┌─ Listed entries
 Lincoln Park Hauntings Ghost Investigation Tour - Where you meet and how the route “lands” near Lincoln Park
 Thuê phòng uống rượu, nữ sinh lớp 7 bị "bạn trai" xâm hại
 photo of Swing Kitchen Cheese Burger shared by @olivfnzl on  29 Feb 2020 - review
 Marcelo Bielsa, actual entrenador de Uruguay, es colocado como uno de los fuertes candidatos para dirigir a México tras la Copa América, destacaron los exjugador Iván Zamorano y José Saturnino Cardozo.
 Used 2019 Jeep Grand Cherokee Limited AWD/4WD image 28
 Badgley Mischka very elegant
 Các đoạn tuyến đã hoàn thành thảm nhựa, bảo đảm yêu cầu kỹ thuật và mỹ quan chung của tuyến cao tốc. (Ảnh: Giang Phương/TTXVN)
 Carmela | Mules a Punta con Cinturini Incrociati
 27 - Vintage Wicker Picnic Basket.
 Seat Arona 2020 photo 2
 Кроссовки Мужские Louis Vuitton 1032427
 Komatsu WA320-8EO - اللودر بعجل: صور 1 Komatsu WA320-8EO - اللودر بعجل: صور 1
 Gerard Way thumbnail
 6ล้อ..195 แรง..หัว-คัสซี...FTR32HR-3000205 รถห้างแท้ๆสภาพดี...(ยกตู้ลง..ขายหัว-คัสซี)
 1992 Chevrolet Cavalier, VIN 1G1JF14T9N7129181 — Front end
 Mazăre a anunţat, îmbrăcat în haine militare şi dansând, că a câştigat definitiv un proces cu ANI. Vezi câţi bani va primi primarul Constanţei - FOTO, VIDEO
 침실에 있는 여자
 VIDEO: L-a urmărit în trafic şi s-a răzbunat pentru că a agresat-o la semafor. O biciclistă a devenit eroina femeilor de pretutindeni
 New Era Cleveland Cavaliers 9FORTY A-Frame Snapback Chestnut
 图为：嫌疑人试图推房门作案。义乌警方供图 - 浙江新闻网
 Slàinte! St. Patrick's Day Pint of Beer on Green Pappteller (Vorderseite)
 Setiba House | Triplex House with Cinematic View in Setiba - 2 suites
└─
* Exercise aim: Retype only this range exactly: the first line of the data through the line where "photo of Swing" appears.

* Exercise result:
 Lincoln Park Hauntings Ghost Investigation Tour - Where you meet and how the route “lands” near Lincoln Park
 Thuê phòng uống rượu, nữ sinh lớp 7 bị "bạn trai" xâm hại
 photo of Swing Kitchen Cheese Burger shared by @olivfnzl on  29 Feb 2020 - review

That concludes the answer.